◆ What you have to do ◆
Copy only those lines which run from the line containing "GB tęczanka neonowa" to the end of the entries below, both inclusive, exactly as written and with no pictures.

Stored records
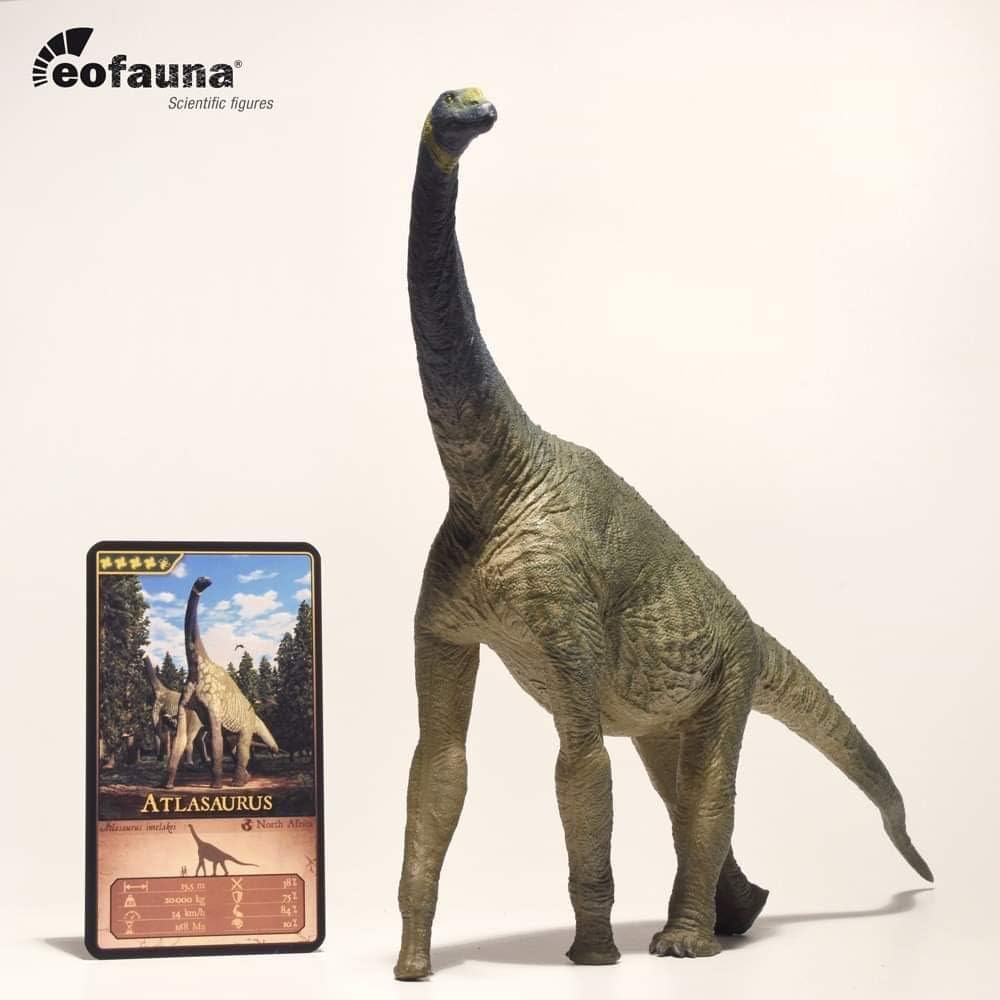 Eofauna 1:40 Scale Atlasaurus Statue Saurischia Dinosaur Figure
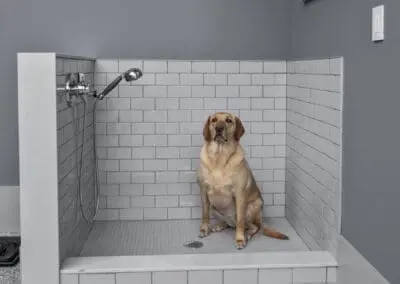 Pet Shower and Bathing Station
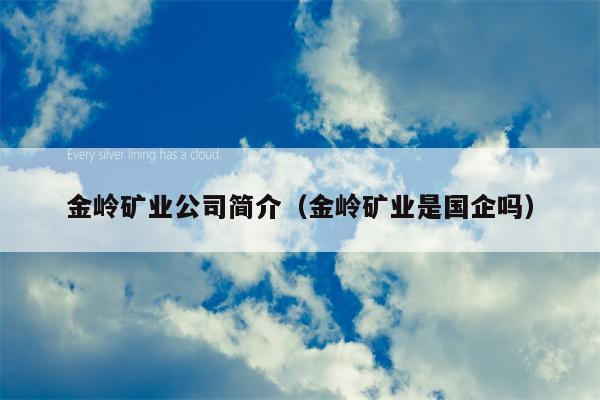 金岭矿业公司简介（金岭矿业是国企吗）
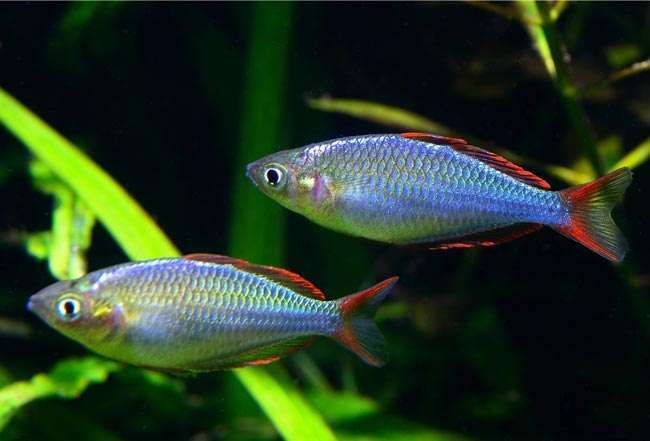 GB tęczanka neonowa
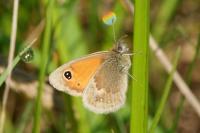 Coenonympha pamphilus
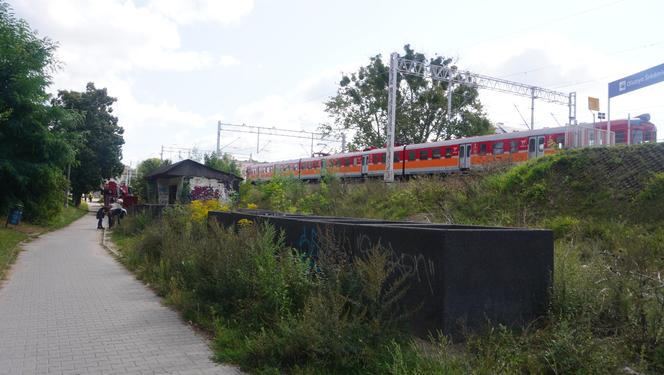 Zdemolowane rudery niemal w centrum Olsztyna. „Smród bywa podobno nie do zniesienia” [ZDJĘCIA]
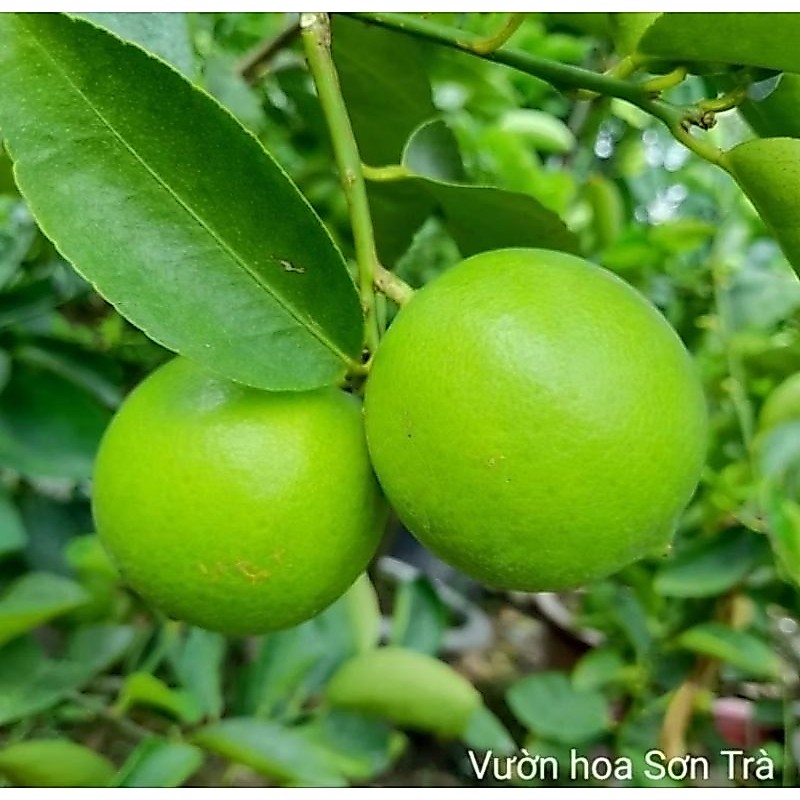 (VHST giao trong ngày) Cây CHANH KHÔNG HẠT đang hoa trái.
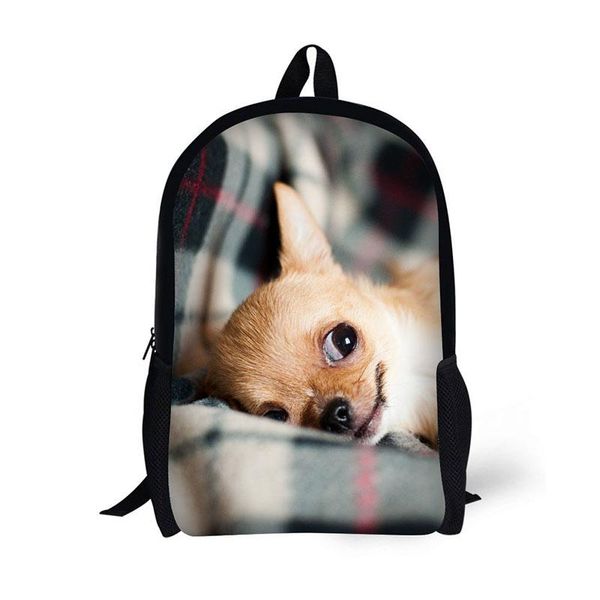 

backpack pet kitten bag and for young boy girl attending school cartoon teenager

◆ Task result ◆
 GB tęczanka neonowa
 Coenonympha pamphilus
 Zdemolowane rudery niemal w centrum Olsztyna. „Smród bywa podobno nie do zniesienia” [ZDJĘCIA]
 (VHST giao trong ngày) Cây CHANH KHÔNG HẠT đang hoa trái.

backpack pet kitten bag and for young boy girl attending school cartoon teenager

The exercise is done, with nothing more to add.